• INSTRUCTIONS FOR THE TASK:
Every line from the one with "قصر اليمامة للاجنحة" through the end of the entries below must be retyped exactly, and only those lines. The pictures are not part of the copy.

• INFORMATION PROVIDED:
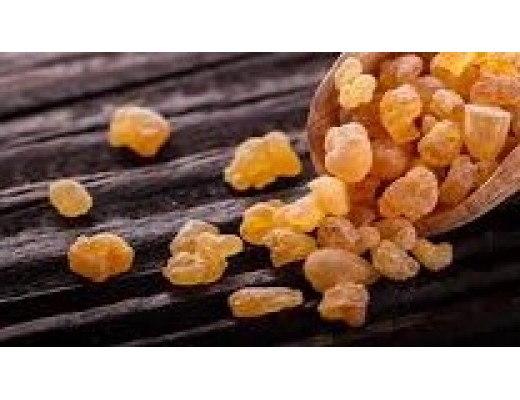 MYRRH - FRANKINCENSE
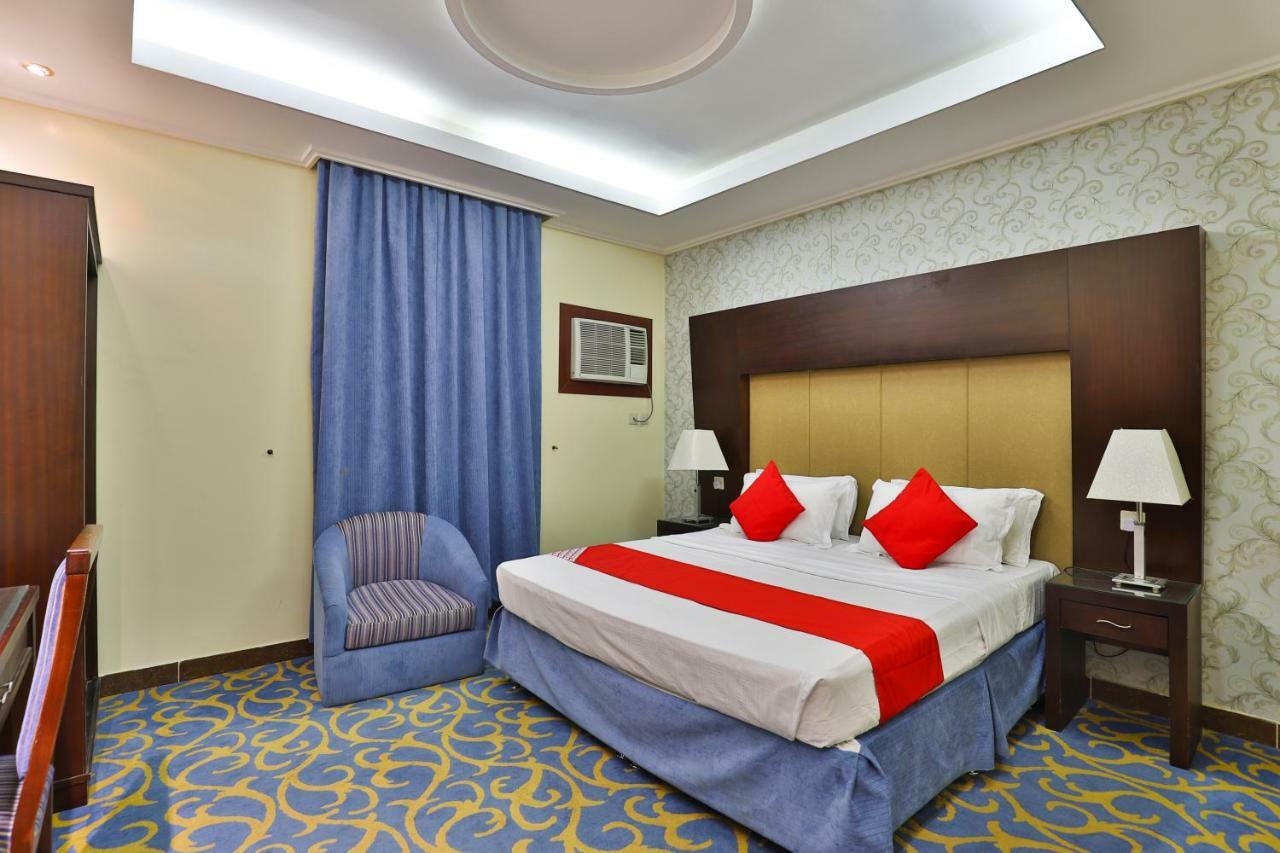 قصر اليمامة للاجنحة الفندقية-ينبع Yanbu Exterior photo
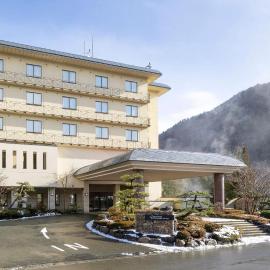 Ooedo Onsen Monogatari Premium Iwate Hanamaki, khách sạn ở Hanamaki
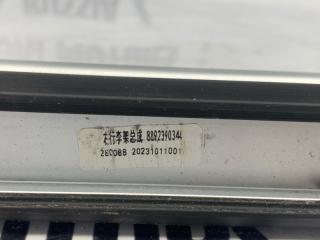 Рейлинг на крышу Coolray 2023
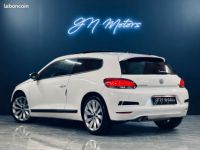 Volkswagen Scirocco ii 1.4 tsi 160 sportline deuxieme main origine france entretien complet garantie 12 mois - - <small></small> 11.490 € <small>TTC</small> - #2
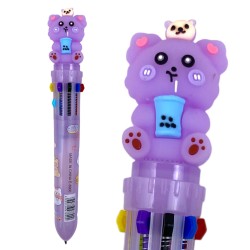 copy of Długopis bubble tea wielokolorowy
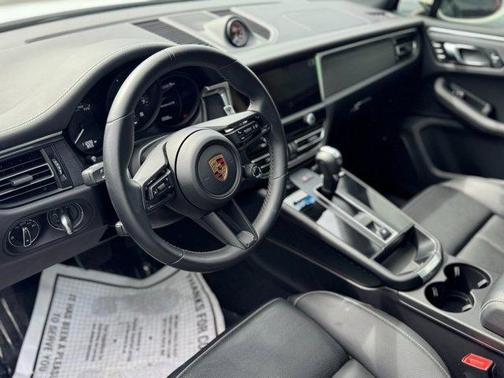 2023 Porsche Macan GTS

• EXERCISE RESULT:
 قصر اليمامة للاجنحة الفندقية-ينبع Yanbu Exterior photo
 Ooedo Onsen Monogatari Premium Iwate Hanamaki, khách sạn ở Hanamaki
 Рейлинг на крышу Coolray 2023
 Volkswagen Scirocco ii 1.4 tsi 160 sportline deuxieme main origine france entretien complet garantie 12 mois - - <small></small> 11.490 € <small>TTC</small> - #2
 copy of Długopis bubble tea wielokolorowy
 2023 Porsche Macan GTS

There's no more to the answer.